If you know your model and just want the latent states, then there is no reason to use the Baum-Welch algorithm. If you don't know your model, then you can't be using the Viterbi algorithm.
Edited to add: See Peter Smit's comment; there's some overlap/vagueness in nomenclature. Some poking around led me to a chapter by Luis Javier Rodrıguez and Ines Torres in "Pattern Recognition and Image Analysis" (ISBN 978-3-540-40217-6, pp 845-857) which discusses the speed versus accuracy trade-offs of the two algorithms.
Briefly, the Baum-Welch algorithm is essentially the Expectation-Maximization (EM) algorithm applied to an HMM; as a strict EM-type algorithm you're guaranteed to converge to at least a local maximum, and so for unimodal problems find the MLE. It requires two passes over your data for each step, though, and the complexity gets very big in the length of the data and number of training samples. However, you do end up with the full conditional likelihood for your hidden parameters.

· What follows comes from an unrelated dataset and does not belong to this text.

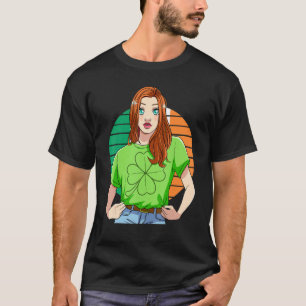 Ginger Girl Leprechaun St Patricks Day C Leaf T-shirt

The Viterbi training algorithm (as opposed to the "Viterbi algorithm") approximates the MLE to achieve a gain in speed at the cost of accuracy. It segments the data and then applies the Viterbi algorithm (as I understood it) to get the most likely state sequence in the segment, then uses that most likely state sequence to re-estimate the hidden parameters. This, unlike the Baum-Welch algorithm, doesn't give the full conditional likelihood of the hidden parameters, and so ends up reducing the accuracy while saving significant (the chapter reports 1 to 2 orders of magnitude) computational time.